Precision Medicine in Oncology: From Testing to Therapy
In this Breaking Down Health Care conversation, John Hennessy, MBA, and Michael Kolodziej, MD, explore the distinction between precision and personalized medicine, the challenges and nuances of next-generation sequencing (NGS) testing in oncology, and the clinical implications of targeted therapies.
Read the transcript:
John Hennessy, MBA: Welcome to Breaking Down Health Care, where we'll discuss evolving topics in health care in the United States. I'm John Hennessey, a principal with Valuate Health Consultancy. I'm here again with my colleague, Mike Kolodziej, who has a Substack called Decoding Health Care and is always involved in things going on in oncology.
Mike, I reread your substack before we talked today, and I noticed that you and I both have grad school FOMO. I was certainly convinced that Duke University would never have me again if the opportunity came for me to apply for a degree at that institution.
Michael Kolodziej, MD: Every time I head back to St.

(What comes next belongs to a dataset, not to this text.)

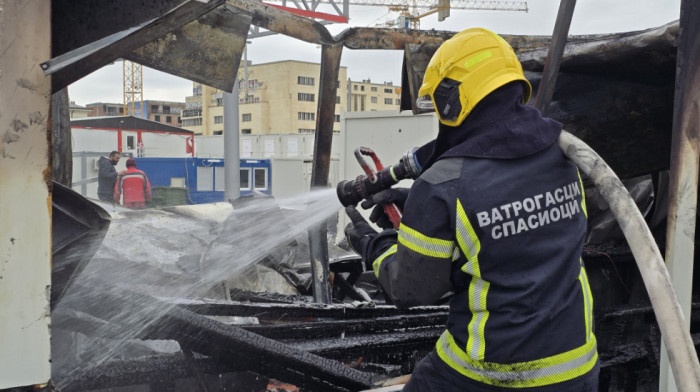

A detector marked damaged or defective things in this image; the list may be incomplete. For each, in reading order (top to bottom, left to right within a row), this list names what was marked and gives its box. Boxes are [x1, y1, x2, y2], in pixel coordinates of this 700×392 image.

burnt wooden beam [42, 0, 223, 92] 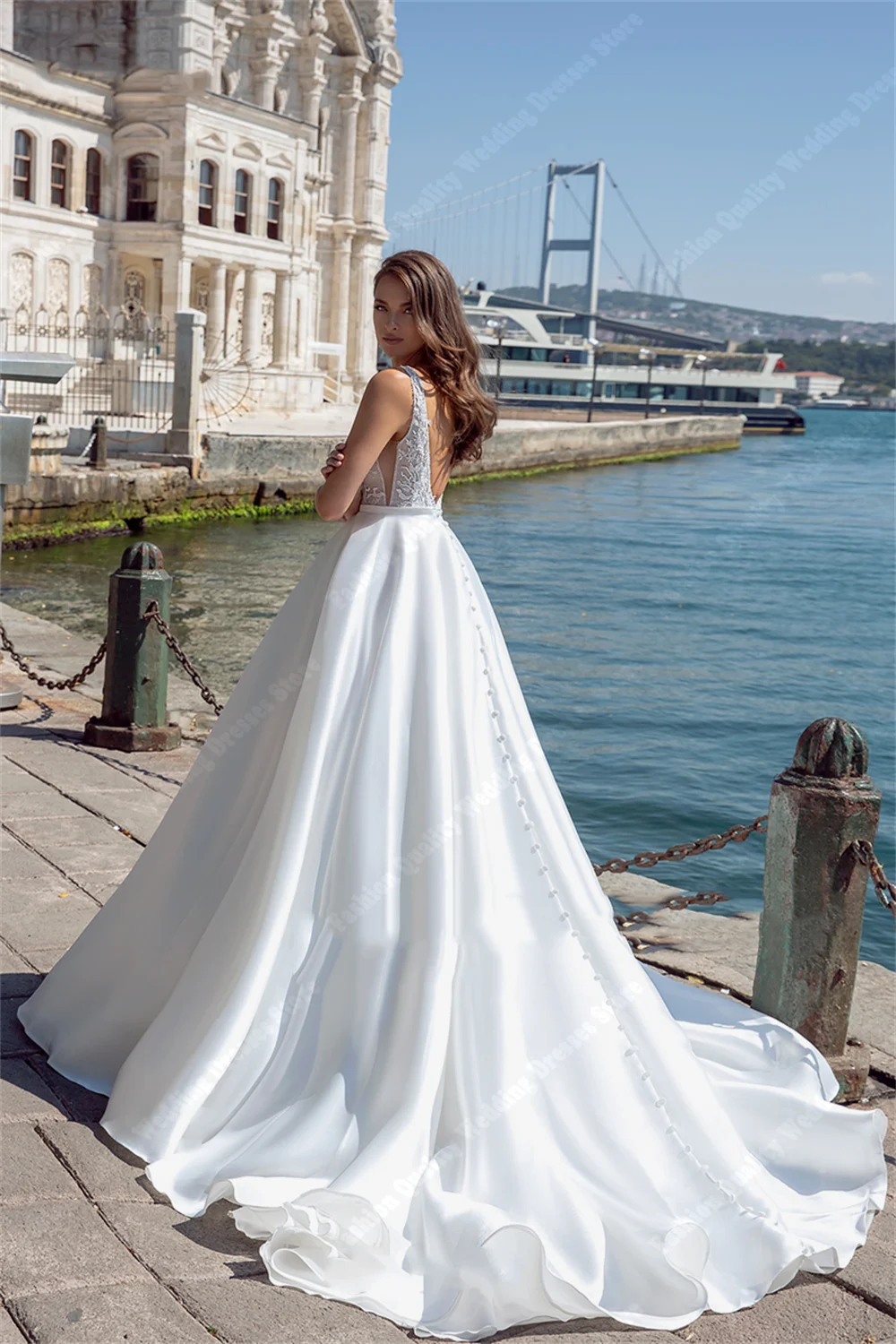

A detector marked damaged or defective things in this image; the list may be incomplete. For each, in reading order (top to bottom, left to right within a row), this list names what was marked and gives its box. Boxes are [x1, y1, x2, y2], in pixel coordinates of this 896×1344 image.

rusty metal bollard [84, 546, 182, 758]
rusty metal bollard [757, 720, 881, 1097]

Louis for a reunion, I experience imposter syndrome.
Hennessy: Exactly. I try not to go back for reunions and it doesn't bother me too much. We're talking about precision medicine, and a challenge for everyone in oncology—whether you're a patient, an institution, or a physician—is that we talk a lot about next-generation sequencing (NGS) testing. So, when we think about NGS testing being covered, what does that mean? What does it not mean?
Dr Kolodziej: Yes. Let's start at the beginning. I think payers, like physicians, accept the premise that cancers can have a mutation that drives their growth and if you block the mutation, you can either hinder the growth or eliminate the cancer. I think they like that.
There is, in fact, a long-standing FDA paradigm for that called companion diagnostics. In simple terms, you do a test for an EGFR mutation, and if the EGFR mutation is present, there's a companion drug that is indicated. That paradigm has been embraced by payers forever and ever.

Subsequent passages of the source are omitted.